So what’s the deal with Thieves?
Stuart last edited by
Thieves has now top 8’d both SCGCon and Eternal Weekend, but only makes up 1% of the online meta (according to Mtgtop8). What’s going on here? Why is the deck not getting played in any real numbers, despite putting up very solid results?
Rat3dE last edited by
@Stuart I am guessing people do not like the playstyle as I think it has a unique combo-control playstyle that is not very common.

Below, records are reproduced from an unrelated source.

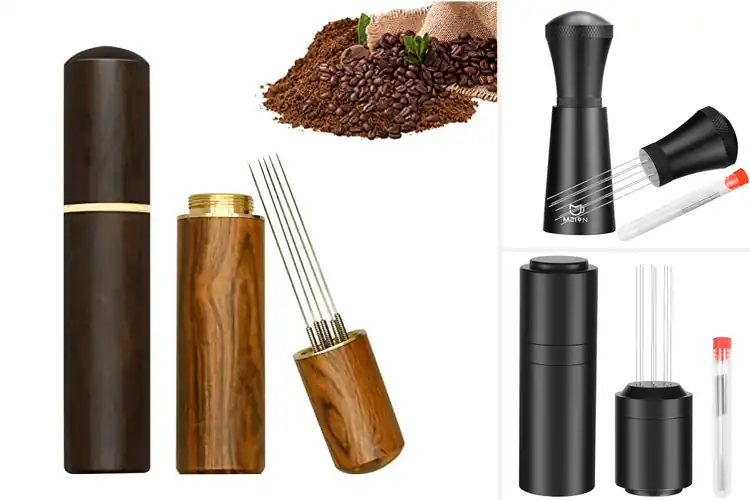 Detailed view of 10 Best Espresso Distribution Stirrers: Perfect Your Shots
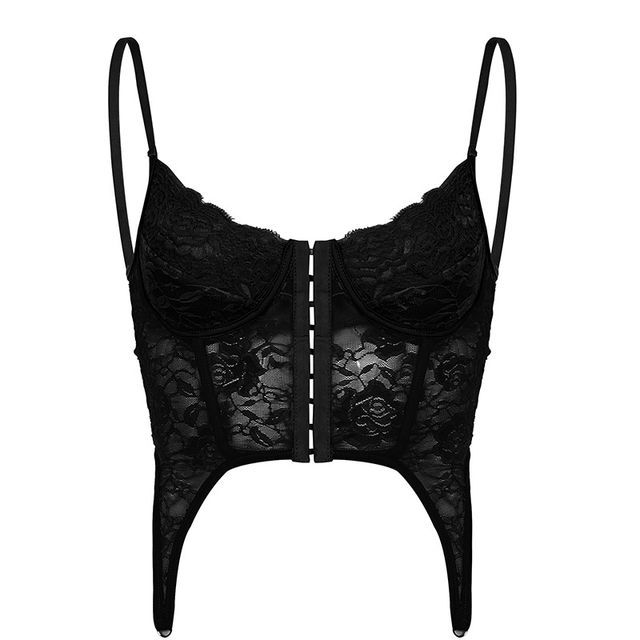 Lace Cup Corset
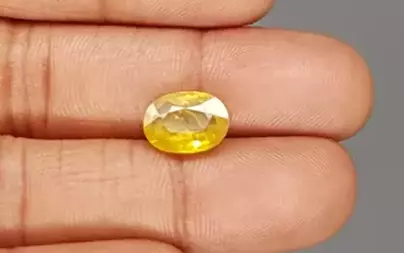 Thailand Yellow Sapphire - 4.49 Carat Limited Quality BYS-6778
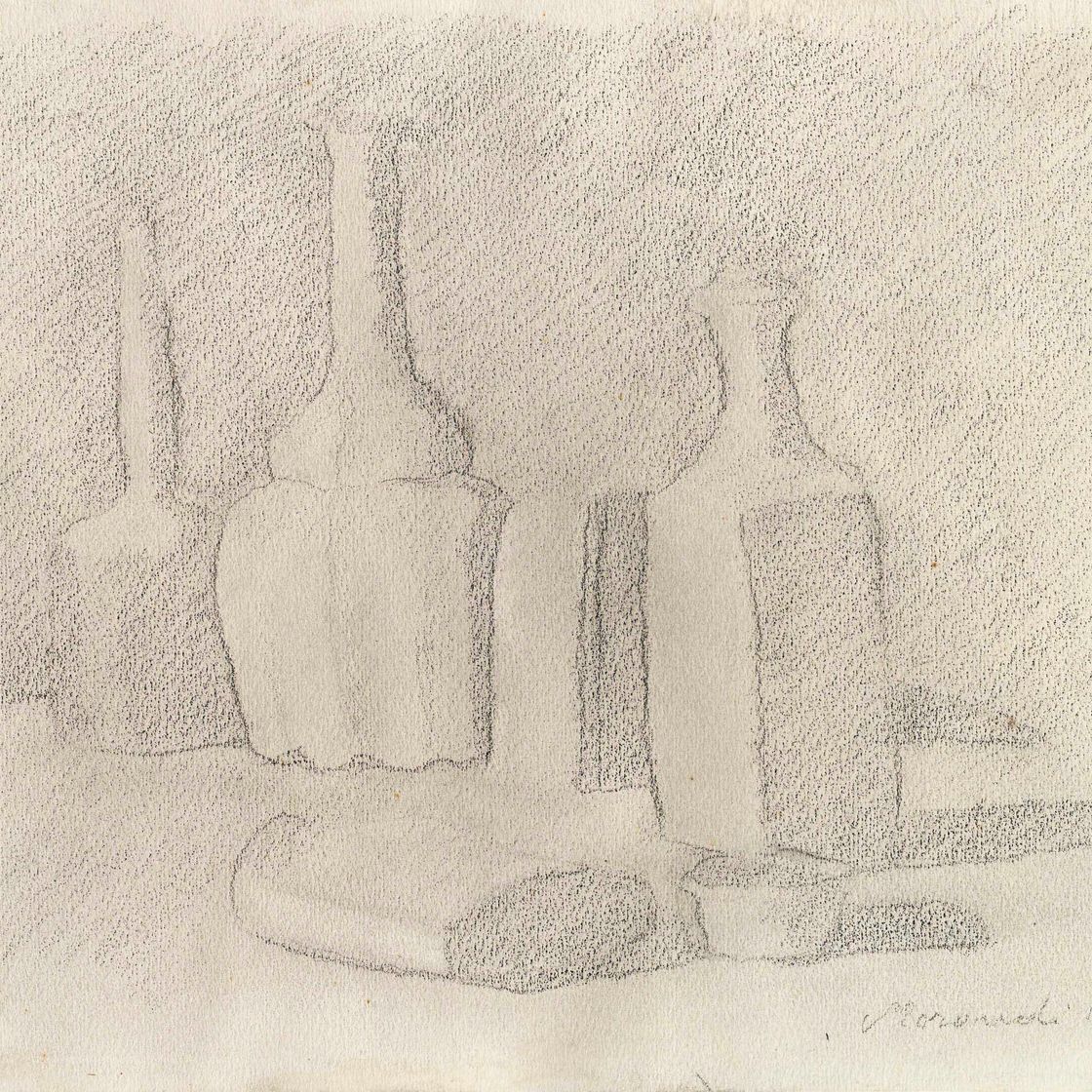 Giorgio Morandi — Природа Смерти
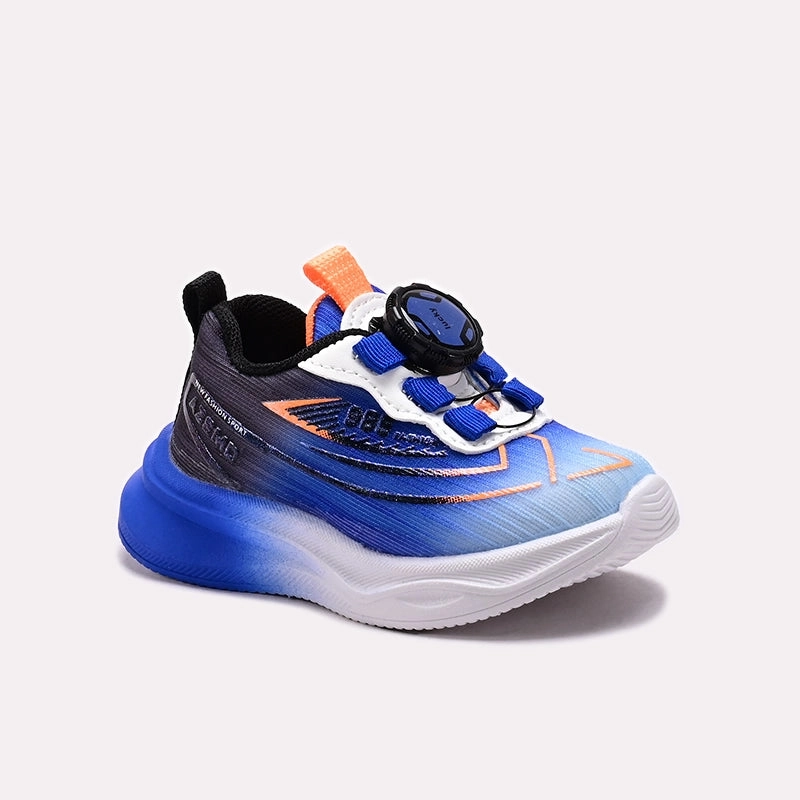 Baba Jogger Shoes Blue 650652 Foot Shoes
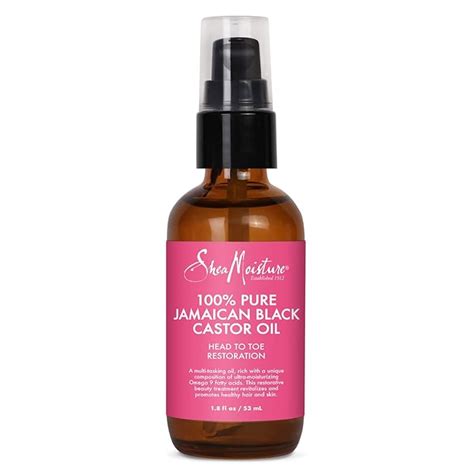 Buy Shea Moisture Pure Jamaican Black Castor Oil, 1.6 Ounce Online at ...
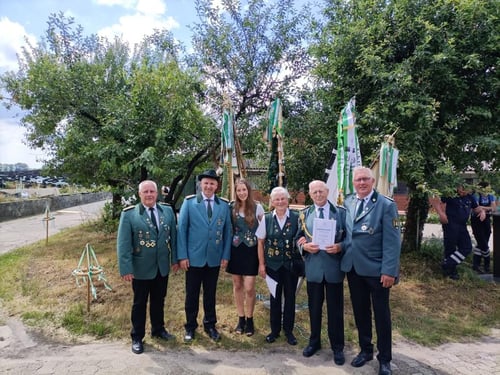 Stefan Thiele, Thomas Junge, Nina Dankers, Maria Schmidt, Heinz Jungclaus und Claus Hasselbusch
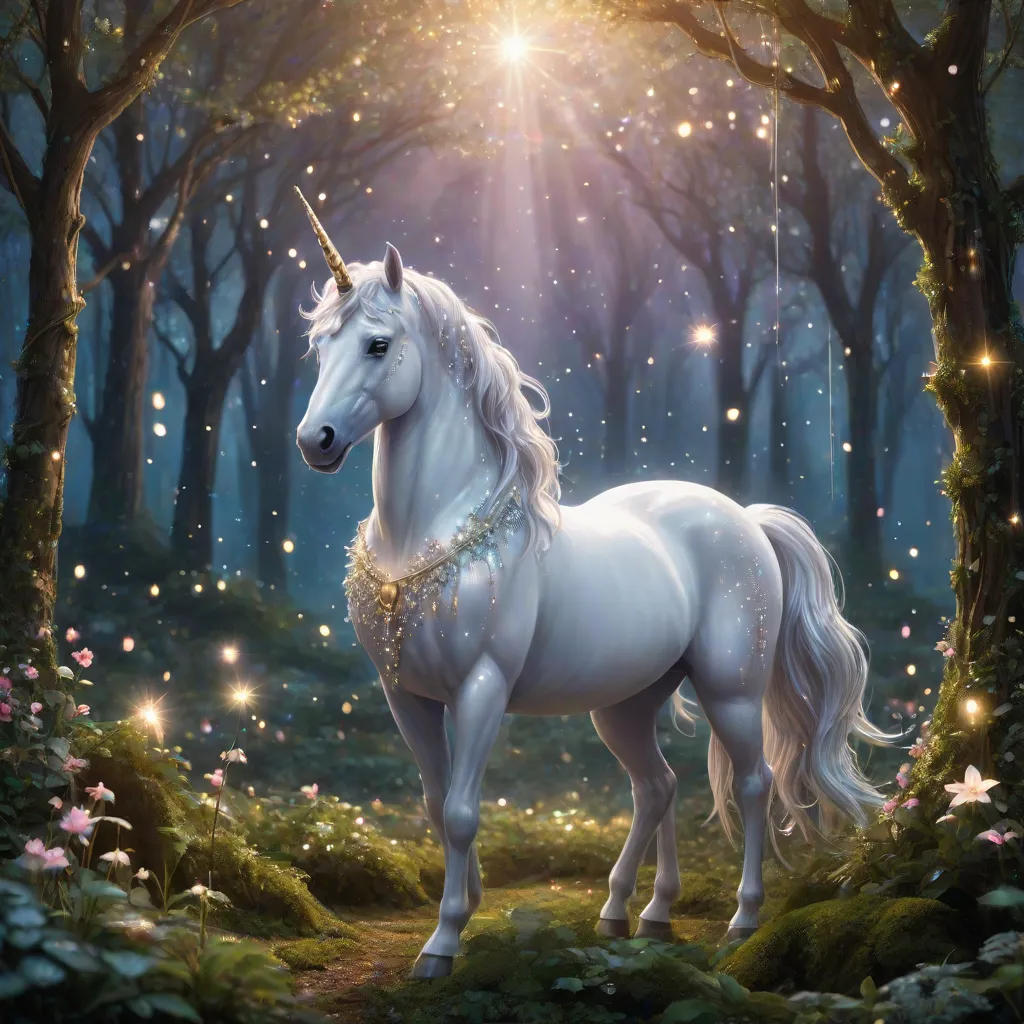 The Enchanted Academy: A Tale of Unicorns and Magic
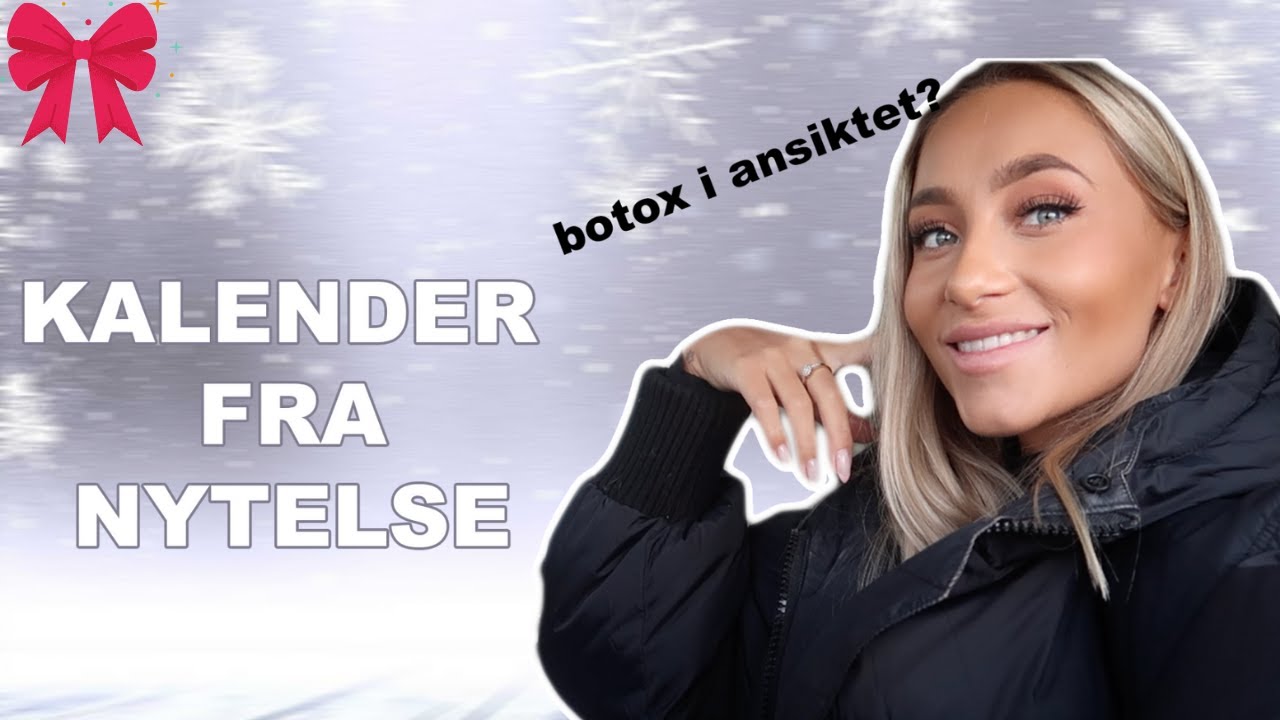 Åpner kalender fra Nytelse, lager hjemmelaget fiskegrateng og leverer bilen på verksted!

Tittliewinks22 last edited by
@rat3de is spot on with my thoughts on the deck. If I run a combo, rather do more busted stuff that vintage offers, if I'm playing control I rather be on something a little more traditional like landstill.
neo_altoid last edited by
Because (1) it's a fantastic run hot deck (Cosmo's deck from champs, for example, doesn't have Preordain. It's going to fold on itself some medium percentage of the time, though I'm sure it's fantastic when it does not), and (2) it doesn't have any real champion online who is willing to grind the deck and get the 3 to 4 5-0 records it takes to get noticed. (and a big #3--it relies on your opponent not knowing what you're doing a little bit).
AeonSovarius last edited by
Notion Thief isn't the most resilient or effective threat, but it's a clock that stops cantrips and Paradoxical.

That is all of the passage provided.